[cxx-abi-dev] Question about tail padding

[scott douglass]

At 02:59 PM 16-08-02 +0100, Jason Merrill wrote:
>On Fri, 16 Aug 2002 14:17:05 +0100, scott douglass <sdouglass at arm.com> wrote:
>> I don't think the implicit copy assignment for B can copy all dsize bytes in this case:
>>
>> struct B {
>>     virtual void f(); // B is non-POD
>>     int bf1:3;
>> };
>>
>> struct D : B {
>>     D();
>>     int bf2:3;
>> };
>>
>> Won't bf1 & bf2 be in the same byte?
>
>Nope, the base gets nvsize(B) bytes of space.

I agree that as we are laying out D and just about to layout bf2 dsize(D) == 5.  What happens next depends on how you interpret this sentence in section 2.4/II/1/a:
>The next available n bits are at offset dsize(C) [i.e. dsize(D) for my example], unless the preceding byte is only partially filled by a bitfield, in which case the bitfield allocation can begin in that byte.

Does this mean to say "only partially filled by a bit-field member of C" or does being partially filled by a (trailing) bitfield of a base class count?

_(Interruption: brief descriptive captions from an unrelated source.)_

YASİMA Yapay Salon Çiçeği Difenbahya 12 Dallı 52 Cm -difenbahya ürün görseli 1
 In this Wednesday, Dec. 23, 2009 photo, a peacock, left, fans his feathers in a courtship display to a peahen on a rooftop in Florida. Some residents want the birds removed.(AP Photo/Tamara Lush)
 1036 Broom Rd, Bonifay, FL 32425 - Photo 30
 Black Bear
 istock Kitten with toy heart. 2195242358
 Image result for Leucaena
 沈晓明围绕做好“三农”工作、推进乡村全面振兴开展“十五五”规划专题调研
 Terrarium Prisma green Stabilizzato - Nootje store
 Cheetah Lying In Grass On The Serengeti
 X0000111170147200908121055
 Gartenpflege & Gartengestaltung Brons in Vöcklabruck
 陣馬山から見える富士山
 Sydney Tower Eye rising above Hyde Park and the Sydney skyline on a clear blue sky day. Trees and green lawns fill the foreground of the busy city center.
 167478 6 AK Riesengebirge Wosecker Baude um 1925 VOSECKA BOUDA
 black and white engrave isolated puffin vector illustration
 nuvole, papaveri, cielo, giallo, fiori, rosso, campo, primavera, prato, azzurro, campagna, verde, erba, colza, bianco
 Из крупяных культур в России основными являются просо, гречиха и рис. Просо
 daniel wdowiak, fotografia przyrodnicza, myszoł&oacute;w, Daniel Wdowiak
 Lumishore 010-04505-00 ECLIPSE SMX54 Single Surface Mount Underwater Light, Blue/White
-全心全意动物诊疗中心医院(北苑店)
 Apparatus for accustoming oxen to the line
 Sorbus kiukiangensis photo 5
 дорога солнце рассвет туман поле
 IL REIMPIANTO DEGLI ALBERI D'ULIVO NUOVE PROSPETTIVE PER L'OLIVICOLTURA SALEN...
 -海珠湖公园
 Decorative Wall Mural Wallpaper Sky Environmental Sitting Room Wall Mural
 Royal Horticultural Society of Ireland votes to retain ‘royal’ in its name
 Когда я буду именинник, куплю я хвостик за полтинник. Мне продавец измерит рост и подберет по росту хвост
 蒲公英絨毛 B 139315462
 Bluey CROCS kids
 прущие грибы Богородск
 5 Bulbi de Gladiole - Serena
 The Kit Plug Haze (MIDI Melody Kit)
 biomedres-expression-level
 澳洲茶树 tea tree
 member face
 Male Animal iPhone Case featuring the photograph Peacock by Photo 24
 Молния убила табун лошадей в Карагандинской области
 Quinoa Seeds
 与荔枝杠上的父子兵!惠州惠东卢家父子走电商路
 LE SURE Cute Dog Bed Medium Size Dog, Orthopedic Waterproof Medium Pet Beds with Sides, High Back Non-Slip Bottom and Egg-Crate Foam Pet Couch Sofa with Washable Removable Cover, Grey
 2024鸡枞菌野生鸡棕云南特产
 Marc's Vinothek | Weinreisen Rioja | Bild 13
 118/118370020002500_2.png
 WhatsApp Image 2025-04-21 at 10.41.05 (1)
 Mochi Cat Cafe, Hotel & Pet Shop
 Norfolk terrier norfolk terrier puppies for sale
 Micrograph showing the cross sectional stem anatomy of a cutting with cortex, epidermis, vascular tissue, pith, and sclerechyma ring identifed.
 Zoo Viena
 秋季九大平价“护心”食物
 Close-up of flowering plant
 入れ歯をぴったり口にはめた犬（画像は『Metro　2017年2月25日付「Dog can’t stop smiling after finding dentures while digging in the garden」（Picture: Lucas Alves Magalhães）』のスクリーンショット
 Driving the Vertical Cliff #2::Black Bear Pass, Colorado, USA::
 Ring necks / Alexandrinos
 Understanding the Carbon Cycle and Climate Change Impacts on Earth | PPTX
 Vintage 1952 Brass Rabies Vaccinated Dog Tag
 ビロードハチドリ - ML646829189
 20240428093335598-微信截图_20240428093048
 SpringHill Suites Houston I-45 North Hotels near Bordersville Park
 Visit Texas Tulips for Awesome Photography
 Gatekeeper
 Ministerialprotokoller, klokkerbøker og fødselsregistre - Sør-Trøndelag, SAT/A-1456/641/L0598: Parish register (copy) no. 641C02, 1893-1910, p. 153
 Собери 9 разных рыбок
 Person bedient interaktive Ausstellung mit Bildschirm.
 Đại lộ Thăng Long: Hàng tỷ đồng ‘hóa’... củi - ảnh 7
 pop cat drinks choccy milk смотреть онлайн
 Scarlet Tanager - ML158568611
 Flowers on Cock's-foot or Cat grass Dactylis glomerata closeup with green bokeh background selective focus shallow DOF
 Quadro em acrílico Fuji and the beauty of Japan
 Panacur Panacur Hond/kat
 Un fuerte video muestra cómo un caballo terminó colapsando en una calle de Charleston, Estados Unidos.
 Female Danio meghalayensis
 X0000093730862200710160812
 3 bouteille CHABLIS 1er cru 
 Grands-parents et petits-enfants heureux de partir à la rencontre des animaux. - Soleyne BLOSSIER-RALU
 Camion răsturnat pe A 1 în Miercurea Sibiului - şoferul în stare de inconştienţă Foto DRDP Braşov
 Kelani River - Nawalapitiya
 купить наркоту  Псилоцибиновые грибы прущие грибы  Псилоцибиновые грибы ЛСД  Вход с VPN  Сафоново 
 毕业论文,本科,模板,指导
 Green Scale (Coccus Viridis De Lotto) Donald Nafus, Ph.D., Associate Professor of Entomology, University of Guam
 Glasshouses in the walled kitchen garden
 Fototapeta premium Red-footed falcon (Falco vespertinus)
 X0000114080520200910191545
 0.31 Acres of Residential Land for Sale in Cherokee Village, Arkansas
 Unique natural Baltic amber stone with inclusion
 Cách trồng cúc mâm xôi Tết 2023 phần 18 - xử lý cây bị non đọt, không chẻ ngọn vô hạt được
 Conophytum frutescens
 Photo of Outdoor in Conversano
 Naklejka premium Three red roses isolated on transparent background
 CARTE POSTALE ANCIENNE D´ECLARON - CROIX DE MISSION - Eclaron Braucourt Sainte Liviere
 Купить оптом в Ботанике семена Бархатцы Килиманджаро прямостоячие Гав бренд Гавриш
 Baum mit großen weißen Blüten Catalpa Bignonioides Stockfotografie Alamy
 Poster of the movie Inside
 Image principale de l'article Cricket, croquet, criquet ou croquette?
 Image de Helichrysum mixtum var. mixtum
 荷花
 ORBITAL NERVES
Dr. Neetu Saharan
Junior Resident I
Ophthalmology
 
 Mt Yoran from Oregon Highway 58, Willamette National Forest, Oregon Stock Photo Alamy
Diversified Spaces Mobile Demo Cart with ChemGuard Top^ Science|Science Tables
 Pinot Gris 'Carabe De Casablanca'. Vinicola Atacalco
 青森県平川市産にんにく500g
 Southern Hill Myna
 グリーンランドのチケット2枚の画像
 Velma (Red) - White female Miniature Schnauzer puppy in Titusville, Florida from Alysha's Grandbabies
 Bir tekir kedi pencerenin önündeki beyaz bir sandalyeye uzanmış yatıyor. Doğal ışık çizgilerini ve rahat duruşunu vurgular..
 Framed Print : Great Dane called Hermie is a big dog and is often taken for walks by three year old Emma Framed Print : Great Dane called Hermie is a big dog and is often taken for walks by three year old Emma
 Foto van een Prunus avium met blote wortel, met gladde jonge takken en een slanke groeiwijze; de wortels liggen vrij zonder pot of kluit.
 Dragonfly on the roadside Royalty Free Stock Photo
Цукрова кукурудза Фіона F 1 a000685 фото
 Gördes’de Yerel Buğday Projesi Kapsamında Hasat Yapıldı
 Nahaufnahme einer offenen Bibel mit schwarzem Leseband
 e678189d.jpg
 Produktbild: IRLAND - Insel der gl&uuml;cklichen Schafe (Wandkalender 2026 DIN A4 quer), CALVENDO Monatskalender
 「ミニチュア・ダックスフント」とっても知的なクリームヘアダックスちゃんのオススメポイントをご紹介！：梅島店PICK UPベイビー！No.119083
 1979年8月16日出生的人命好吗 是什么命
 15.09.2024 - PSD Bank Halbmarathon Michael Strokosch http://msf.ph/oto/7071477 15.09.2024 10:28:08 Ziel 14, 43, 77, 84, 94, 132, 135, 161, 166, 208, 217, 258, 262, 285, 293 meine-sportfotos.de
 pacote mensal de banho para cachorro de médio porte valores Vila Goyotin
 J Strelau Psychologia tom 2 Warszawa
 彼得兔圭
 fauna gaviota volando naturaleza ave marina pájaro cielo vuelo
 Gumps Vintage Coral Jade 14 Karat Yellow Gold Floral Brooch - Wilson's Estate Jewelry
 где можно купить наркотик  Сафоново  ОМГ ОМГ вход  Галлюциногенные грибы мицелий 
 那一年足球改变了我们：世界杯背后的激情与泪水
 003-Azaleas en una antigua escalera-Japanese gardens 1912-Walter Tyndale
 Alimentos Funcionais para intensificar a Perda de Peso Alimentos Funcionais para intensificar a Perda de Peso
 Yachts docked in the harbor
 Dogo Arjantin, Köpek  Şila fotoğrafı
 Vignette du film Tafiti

g++ 3.1 seems to think bf1 & bf2 can be in the same byte.  Here's my test program:

#include <stdio.h>

struct B {
  virtual void f() { } // B is not POD
  int b:4;
};

struct D : B {
  int c:4;
  char x,y,z;
};

int main() {
  printf("sizeof(B) == %lu; sizeof(D) == %lu\n", (unsigned long)sizeof(B), (unsigned long)sizeof(D));
  int buffer[] = { 0xabbaabba, 0x067452301, 0xefcdab89 };
// With byte-oriented little endianness this looks like
// either A:  (g++ 3.1 chooses this)
//   baabbaab 01234567 89abcdef
//   vvvvvvvv cbxxyyzz
// or B:
//   baabbaab 01234567 89abcdef
//   vvvvvvvv _b_cxxyy zz
  const D* d = reinterpret_cast<const D *>(buffer);
  printf("buffer->b == 0x%x\n", (unsigned)(d->b));
  printf("buffer->c == 0x%x\n", (unsigned)(d->c));
  printf("buffer->x == 0x%02x\n", (unsigned)(d->x));
  printf("buffer->y == 0x%02x\n", (unsigned)(d->y));
  printf("buffer->z == 0x%02x\n", (unsigned)(d->z));
  return 0;
}

My output (linux-x86):
sizeof(B) == 8; sizeof(D) == 8
buffer->b == 0x1
buffer->c == 0x0
buffer->x == 0x23
buffer->y == 0x45
buffer->z == 0x67